Von Adrienne Fichter. Erschienen in «AMNESTY – Magazin der Menschenrechte» vom August 2019.

Wüsste man nicht besser Bescheid, würde man sich in einer Episode der Dystopie-Serie «Black Mirror» wähnen: Mark Zuckerberg hatte neulich die Eingebung, dass die Zukunft der Privatsphäre gilt. Auch die CEOs von anderen Datenkonzernen haben den Datenschutz als neues schützenswertes Gut entdeckt. Die Tech-Giganten, die uns die derzeit grössten Gefahren für die Demokratie eingebrockt haben, demonstrieren übereifrig ihren Selbstregulierungselan. Big Tech treibt den Diskurs um digitale Bürgerrechte voran. Plötzlich geloben alle Besserung, verschärften ihre Richtlinien und bauen Künstliche Intelligenzen (KI) zum Schutz vor Manipulationen.

Es zeichnet sich jedoch bereits jetzt ab, dass das Meiste davon «ethics washing» ist und kommerziellen Eigeninteressen dient. Je mehr Regelwerke existieren, desto eher wird die Konkurrenz ausgebremst. Denn an den datenbasierten Geschäftsmodellen möchten Zuckerberg & Co. ja dennoch festhalten.

In der Schweiz fehlt bislang eine aufgeklärte Debatte über digitale Technologien. Und auch das Bewusstsein, digitale Bürgerrechte überhaupt einzufordern. Bei der Initiative «Digital Switzerland» der Wirtschaftsverbände wird die Zivilgesellschaft nicht eingebunden. Das führt dazu, dass rechtsstaatliche und demokratiepolitische Aspekte komplett ausgeblendet werden. Das Feld darf jedoch nicht allein der Privatwirtschaft überlassen werden. Denn gerade wenn Google & Co. nach eigenen Gesetzen bestimmen, was Hassrede ist und was nicht, braucht es ein gesellschaftliches Korrektiv. Deswegen müssen wir unseren Grundrechten ein digitales Update verpassen. Zum Beispiel mit einem Auskunftsrecht über KI und einem Widerspruchsrecht gegenüber softwarebasierten Entscheidungen. Oft wissen wir nicht, wann KI und wann ein Mensch entscheidet. Dass es vielleicht ein Gesichtserkennungssystem war, das uns die Tür öffnete am Flughafen Zürich, und nicht ein Zollbeamter.

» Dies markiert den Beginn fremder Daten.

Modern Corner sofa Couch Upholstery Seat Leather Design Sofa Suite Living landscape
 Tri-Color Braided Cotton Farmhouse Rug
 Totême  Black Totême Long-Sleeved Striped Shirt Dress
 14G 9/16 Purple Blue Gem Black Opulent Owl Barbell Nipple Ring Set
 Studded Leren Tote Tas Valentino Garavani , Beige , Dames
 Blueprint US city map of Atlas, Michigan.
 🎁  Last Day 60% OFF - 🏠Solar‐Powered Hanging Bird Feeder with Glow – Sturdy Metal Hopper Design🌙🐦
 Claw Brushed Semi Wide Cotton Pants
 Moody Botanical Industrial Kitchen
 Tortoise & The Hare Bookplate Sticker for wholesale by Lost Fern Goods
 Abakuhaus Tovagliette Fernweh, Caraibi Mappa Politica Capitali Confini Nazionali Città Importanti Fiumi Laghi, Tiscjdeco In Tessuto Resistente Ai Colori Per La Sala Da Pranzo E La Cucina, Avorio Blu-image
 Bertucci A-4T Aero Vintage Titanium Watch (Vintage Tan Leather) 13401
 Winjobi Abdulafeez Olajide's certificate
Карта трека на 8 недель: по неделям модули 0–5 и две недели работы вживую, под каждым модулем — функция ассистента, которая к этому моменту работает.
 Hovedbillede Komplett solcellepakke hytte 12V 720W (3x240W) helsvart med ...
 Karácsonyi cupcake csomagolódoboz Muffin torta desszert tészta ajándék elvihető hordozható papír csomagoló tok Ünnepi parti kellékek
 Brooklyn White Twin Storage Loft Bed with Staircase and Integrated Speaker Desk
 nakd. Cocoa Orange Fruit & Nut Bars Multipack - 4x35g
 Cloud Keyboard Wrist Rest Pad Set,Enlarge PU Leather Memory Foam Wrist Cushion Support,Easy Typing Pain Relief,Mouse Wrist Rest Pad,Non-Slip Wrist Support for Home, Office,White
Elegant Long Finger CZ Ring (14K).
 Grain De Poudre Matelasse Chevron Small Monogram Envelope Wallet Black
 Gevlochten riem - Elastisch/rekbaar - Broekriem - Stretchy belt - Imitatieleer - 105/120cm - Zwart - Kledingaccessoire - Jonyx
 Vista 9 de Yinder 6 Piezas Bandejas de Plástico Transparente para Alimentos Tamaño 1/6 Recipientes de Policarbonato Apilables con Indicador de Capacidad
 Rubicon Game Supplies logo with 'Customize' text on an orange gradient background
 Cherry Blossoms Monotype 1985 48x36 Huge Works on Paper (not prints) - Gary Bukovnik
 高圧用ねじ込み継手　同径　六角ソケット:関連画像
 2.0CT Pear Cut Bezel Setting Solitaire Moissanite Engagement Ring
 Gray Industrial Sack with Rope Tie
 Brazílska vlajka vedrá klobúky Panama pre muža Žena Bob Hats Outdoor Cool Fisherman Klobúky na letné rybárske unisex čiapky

Das Credo, das uns die Konzerne im Silicon Valley glaubhaft machen wollen: Wir haben unsere Probleme im Griff und lösen sie gleich selbst. Wir sind Judikative, Exekutive und Legislative, verkörpert in einer einzigen Plattform und einem einzigen Unternehmen. Wer kontrolliert eigentlich die selbsternannten Regulatoren? In einer aufgeklärten digitalen Gesellschaft braucht es dringend eine Gewaltenteilung beim Einsatz von Technologien. Mit Expertengremien, Anlaufstellen und Korrektivinstanzen.

Wenn nur wenige Personen alle Formen der Macht auf sich vereinigen und sich selbst kontrollieren, ist das nicht nur unsaubere Corporate Governance. Sondern auch der erste Schritt zur Abschaffung der Demokratie. Hin zu einer reinen Techno-Diktatur.